Neve said she might try a direct, nurturing approach by making eye contact and assuring the person is cared about by her and others. Neve plans to study neuroscience as pre-med, at UNC-Chapel Hill.

These students pledge to avoid illegal substances. They are joined on the Courthouse Square by school administrators. Photo by Pete Zamplas

‘Miserable’ Addiction

Guzman candidly noted his sister is hooked on heroin, and as a result she lost custody of her child. He said it is horrifying to see her decline from a “hard worker to a completely miserable person. She’s not the same person.”

Guzman is blazing his own path. He reaches out to others who welcome guidance in their lifestyle choices, to better “grasp the many issues” and behavioral changes (such as decline in morals) related to addiction. He is leaning to a career in public health, perhaps dealing with youth who are homeless and/or in a family beset by addiction. 

Daring Stand

Henderson County Manager John Mitchell hosted the rally. Other speakers were School Supt. Dr. John Bryant, Hendersonville Police Chief Blair Myhand, Henderson County Sheriff Lowell Griffin, and Brandon Nudd who is president and CEO of AdventHealth Hendersonville (formerly Park Ridge Health).

Chief Myhand said “I lost my longest sister to drugs, 12 years ago. She was a longtime addict.”

The speakers touted the students as leaders of their generation now and of the community down the road. They praising the students for bucking destructive peer pressure, and setting a positive trend others can follow with stands against illegal substances. Mitchell called the public pledge a trigger to seizing the “mantel of leadership.”

Supt. Bryant likened the courthouse columns to the students becoming “pillars of our future.” Sheriff Griffin pointed to the sky, noting how the “sun is shining on us” with hope. But for now law enforcement is on the “front lines. We see so much devastation” from addiction that typically starts with “sharing a party favor” such as a marijuana joint. “Using it once or twice can lead to a lifetime of problems, and to a family shattered. You can lose your future. You can lose your life” from overdosing.

Referring to violent crime and property theft to fund habits, Chief Myhand said such “problems of society have drugs as their nexus.”

Nudd said “when there is substance abuse and sickness in your family, it’s hard to feel whole.”

Mitchell cited statistics that show illicit drug use is rising among youths.
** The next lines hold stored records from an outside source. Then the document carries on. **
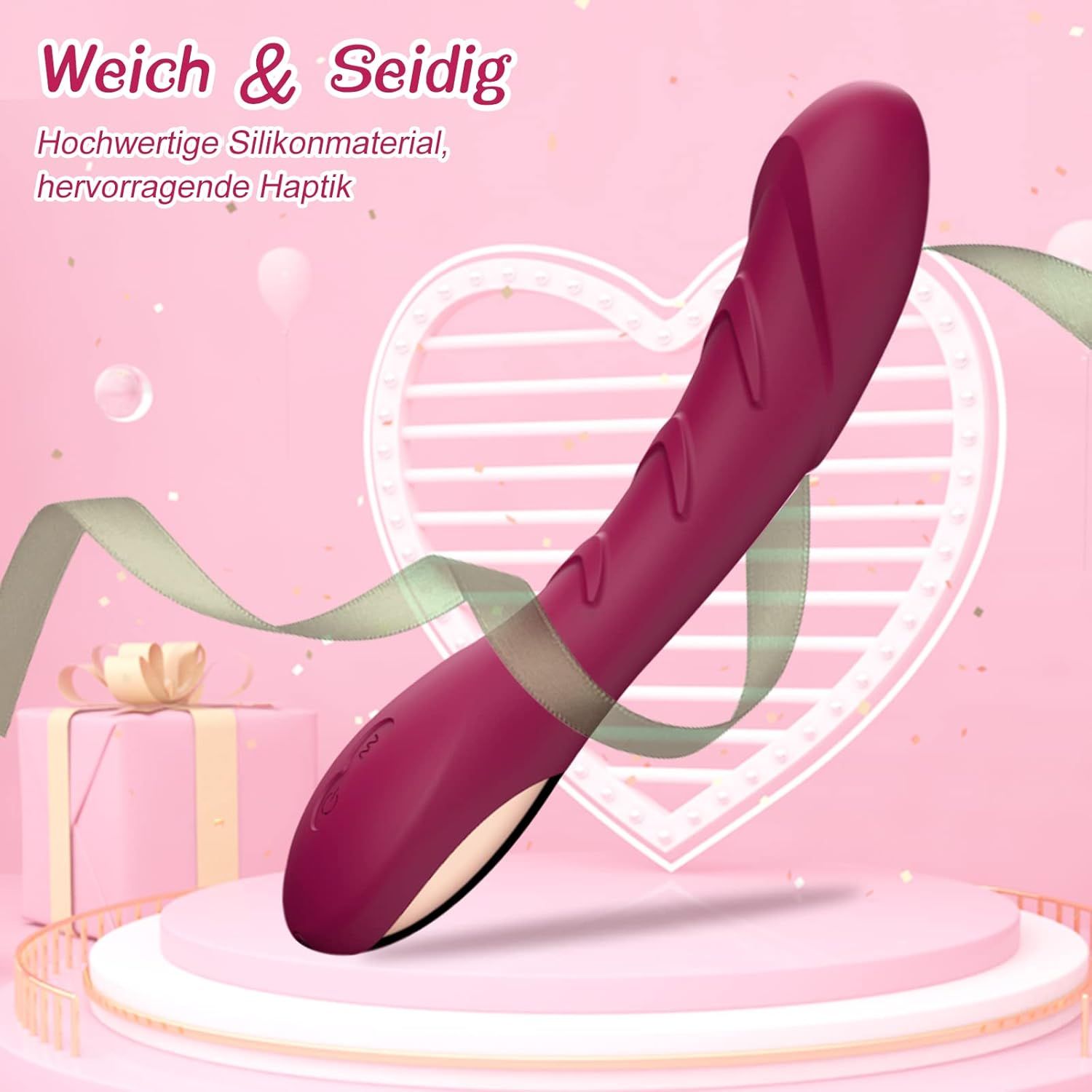 YICOCO vibratore in silicone per punto G, dispositivo intimo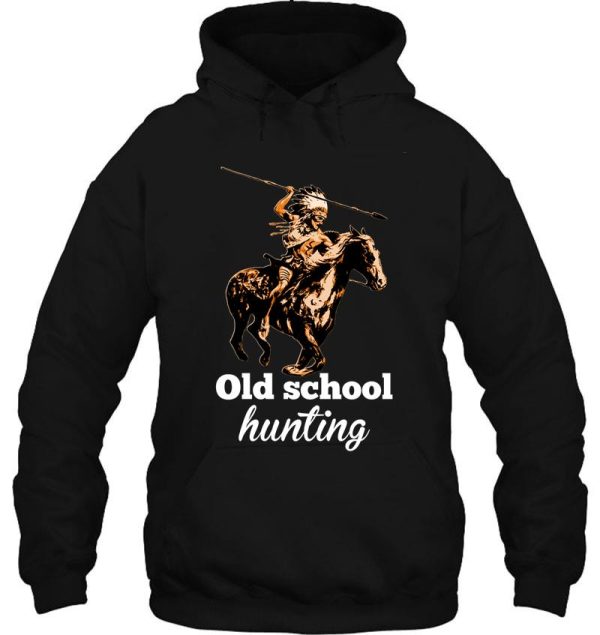 vintage old school hog hunting hoodie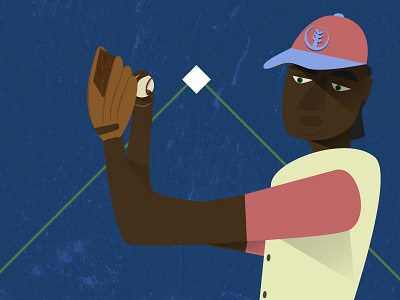 Pitcher baseball character color pasttime pitcher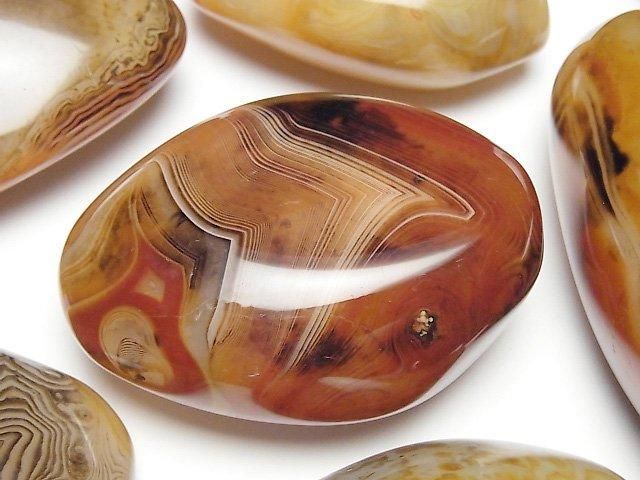 クレイジーレースアゲート 大粒タンブル（穴なし） 1個｜天然石ビーズ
He said 39 percent of Americans ages 18-25 admit to using illegal drugs, and that 70 percent of those who first dabbled in substances when 13 or younger developed addiction disorders.

Pre-Trial Outreach

Several staff and volunteers of the sponsoring group, Hope Coalition, attended. Julie Huneycutt is the director — since 2014. Michelle Gilliken Geiser is the program director.

Many volunteers are in “peer support,” as recovering addicts who can help others fend off their addictions, Geiser noted. Geiser said alcoholism “runs in my family” and she is tuned into education of youth since she and husband Kevin are school parents.

Geiser’s outreach is into anti-drug public education, advocacy, prevention attempts, and assistance with recovery. Her doctorate degree in education specializes in “social, emotional and educational” outreach.

Geiser said it is crucial to smash past teens’ sense of invincibility. “Every kid thinks it (addiction) will never happen to him or her.”

She is excited about Hope Coalition’s Pre-Trial Diversion program that began last summer. Teen defendants get help to avoid their legal drug charge cases going to trial. Instead, they bolster their treatment with a special course. It is comprised of 12 two-hour sessions spread over a half-year to full year. The program also requires each participant to do 20 hours of community service, Geiser noted.

Hope Coalition also helps with skills of interviewing for jobs and writing resumes, to help with securing gainful employment.